How the Mother Influences the Brain Development of the Fetus

Researchers at Weill Cornell Medicine have discovered in a preclinical model that cytokines – proteins that control immune response – circulating in maternal blood during pregnancy may reduce the offspring’s risk of psychiatric disorders. The results are surprising because circulating maternal cytokines are so low that they have not previously been linked to fetal brain development and offspring behavior.

Brain Development and Maternal Cytokine Levels

The study, published in the journal Brain, Behavior and Immunity, reports that the cytokine XCL1 produced by maternal immune cells may function as a pregnancy hormone and is required for proper placental development and anxiety behavior in male offspring. These findings support epidemiologic studies that have long suggested a link between infections and inflammation in the mother during pregnancy and the development of psychiatric disorders in the offspring later in life.

Using mouse models, the researchers found that circulating XCL1 normally remains at the same low level as before pregnancy throughout gestation, with the exception of a brief rise and fall in mid-pregnancy. This transient increase is essential for the proper development of the placenta and the emotional behavior of the offspring.

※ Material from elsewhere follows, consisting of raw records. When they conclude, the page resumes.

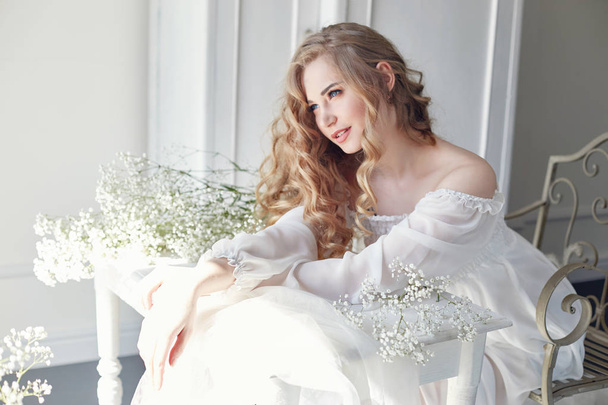 Girl white light dress and curly hair, portrait of woman with flowers at home near the window, purity and innocence. Curly blonde romantic look, beautiful eyes. White wildflowers in hands - Fotoğraf, Görsel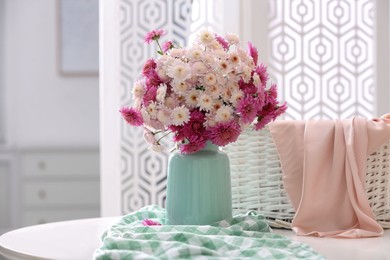 Photo of Vase with beautiful bouquet, wicker basket and checkered cloth on white table in room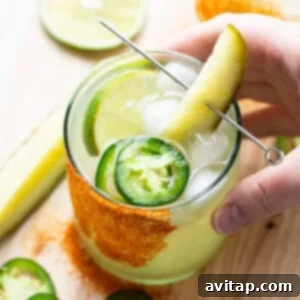 A hand holding a glass of drink with a pickle and lime.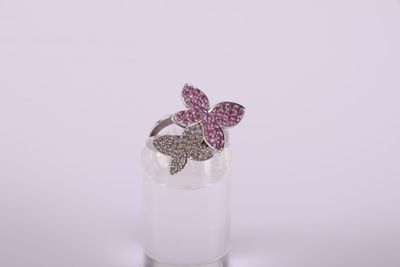 a close up of a pink butterfly ring on a clear glass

When this spike of XCL1 in maternal blood was genetically blocked or neutralized by anti-XCL1 antibodies, the researchers found increased production of factors associated with tissue damage in the fetal placenta, leading to increased innate anxiety and stress responses in male mouse offspring. The researchers also found a neuronal abnormality in the developing brains of these offspring, particularly in the ventral hippocampus, a region that has been associated with fear and anxious behavior.

The immunological and neuronal abnormalities observed when the cytokine spike was blocked normalized in adulthood, suggesting that the anxious behavior of the offspring in adulthood may be related to the proinflammatory state in early life caused by the absence of elevated XCL1. The researchers will investigate other chemokines that regulate placental development and may influence the emotional behavior of the offspring. The team plans to collaborate with researchers who have access to blood samples from pregnant women to see if the profile of XCL1, a protein also found in humans, matches observations in mouse models.

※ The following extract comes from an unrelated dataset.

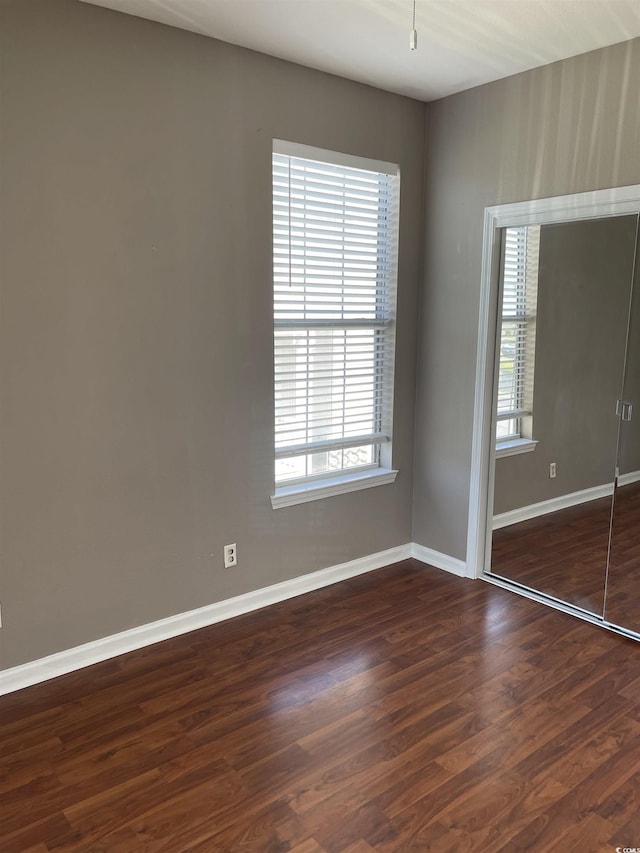 unfurnished bedroom with baseboards, dark wood-style floors, and a closet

How Choline Supports Fetal Brain Development

Choline, an essential B-vitamin nutrient, may prevent fetal brain development disorders that often occur after prenatal maternal infections such as colds and flu. This research is crucial as viruses, such as influenza, have been linked to fetal brain problems and mental health conditions such as attention deficit disorder and schizophrenia in pregnant women later in life.

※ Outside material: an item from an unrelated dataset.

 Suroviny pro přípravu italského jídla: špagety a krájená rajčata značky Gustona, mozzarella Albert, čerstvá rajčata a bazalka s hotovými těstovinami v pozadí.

Mothers want to give their babies the best possible start in life. Colds and flu are often unavoidable, even if the mother has had a flu vaccination. But colds and flu during pregnancy double the risk of mental illness later in life. More and more information is showing that choline helps the baby’s brain to develop properly. Researchers have found that a high choline content prevents the development of brain problems in the fetus, even if the mother is infected.

The study was conducted at the University of Colorado Prenatal Clinic and Denver Health Medical Center, and maternal infection, C-reactive protein (CRP, a marker of maternal inflammation) and choline levels were assessed before birth. The baby’s brain development before birth was assessed by measuring the baby’s brain waves shortly after birth. The detrimental effects of maternal infections were shown to be a reduction in the normal inhibition of newborns’ brain waves to repetitive sounds, also known as response inhibition. Simply put, response inhibition is the ability to pause or delay an action and be able to reflect rather than engage in impulsive behavior.

• The reaction inhibition of the newborns decreased by 27 percent if the mothers had an infection, such as a cold or flu, in the first 16 weeks of pregnancy; this effect was prevented if the mother had a higher choline level in the first 16 weeks.
• The parents filled out reports on their child’s behavior when the child was one year old.
• Children whose mothers were infected and had lower choline levels were significantly less able to pay attention, play quietly and cuddle with their parents. These effects did not occur when the mother had a higher choline level.
• These characteristics are summarized in a scale of self-regulation, which was reduced by 28 percent in children of women with an infection and lower choline levels. Higher choline levels improved self-regulation to normal levels in the children of women with infections.
• Five of 53 children whose mothers had an infection (9.4 percent) had regulation levels in the lowest fifth percentile of a normal sample, compared with one of 83 children of mothers without infection. This effect did not occur if the mothers had a choline level of more than 7 micromoles during pregnancy. Only 25 percent of the women reached this level, even though they were encouraged to eat choline-containing foods.

The body produces some of the choline itself and it is naturally present in certain foods such as liver, red meat and eggs. However, up to 75 percent of pregnant women consume less choline during pregnancy than recommended (450 mg choline per day). In addition, prenatal vitamins contain little or no choline.